Hi All,
I'm having problems determining the value of the firm's assets and the asset's volatility with the merton's model. I understand that to solve for the asset value and volatility, we have to go through iterations of the Newton rhapson method, coupled with the complexity of merton's model and ito's lemma would be extremely exhausting to work on by hand. I was wondering if there is a software or a programme for those calculations.
I have several questions regarding the merton model as well
1) Debt value - I was looking at balance sheets of financial institution for their debt value, specifically their total liabilities. Am i looking at the right place?
2) The r in the merton's model, sometimes it refers to expected return and sometimes it is refered to as risk-free interest rate. What is the rationale for that and which one is more approproate if i'm determining PD for banks.
3) Ito's lemma, has a component, volatility of equity returns. I determine that value by taking the standard deviation of the percentage difference of daily stock prices.
Eg:
Date, Stock price, Percent Change,
1st Jan 2007, 22.2
2nd Jan 2007, 22.3, 0.45%
3rd Jan 2007, 22.1, -0.90%
The PX change is calculated by taking the ln of the current day divided by the previous day. Therefore 0.45% on 3/1/2007 is calculated by taking ln(22.3/22.2). It is calculated in this fashion all the way towards the end of the year.
Sigma A is actually the volatility of the stock value.
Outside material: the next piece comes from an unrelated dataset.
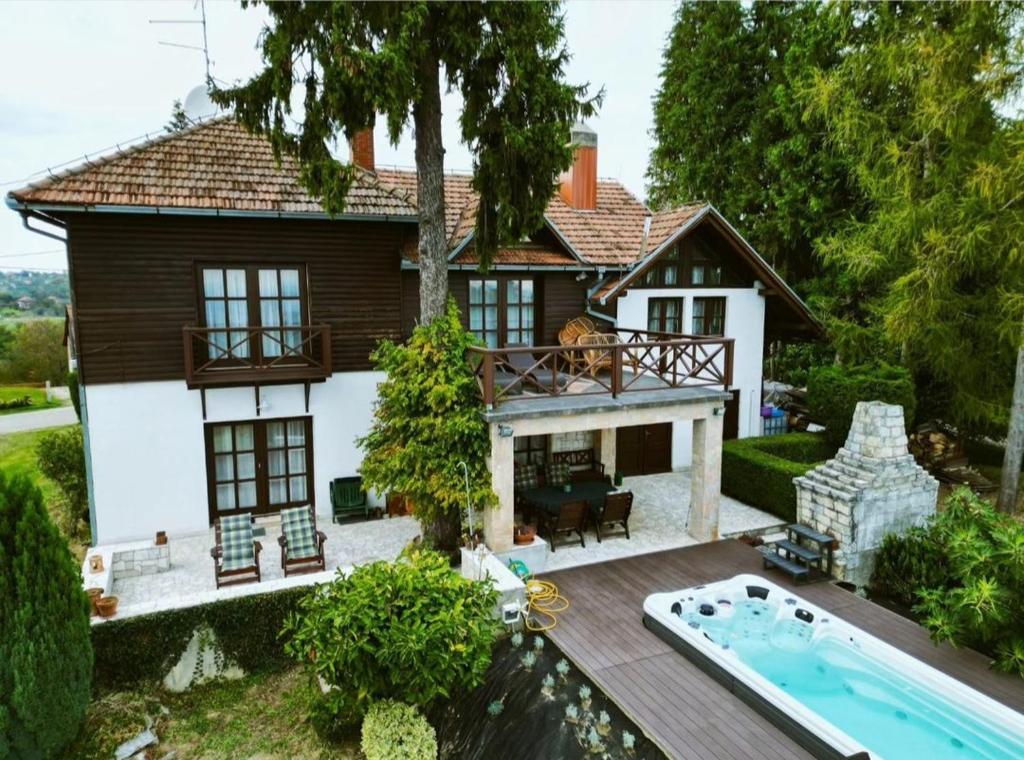 Villa Wolf Castle - vanjski grijani bazen photo 2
It is calculated by taking the standard deviation of all the PX change from 1/1/2007 to 31/12/2007 then multiplying by the square root of 365. I think its the wrong way but I don't know the right way
I apologise if my questions sound like I never took any banking modules at school. Truth is I never did and this research paper is what i was assigned. I'm at my wits end and I would appreciate any help i can get here.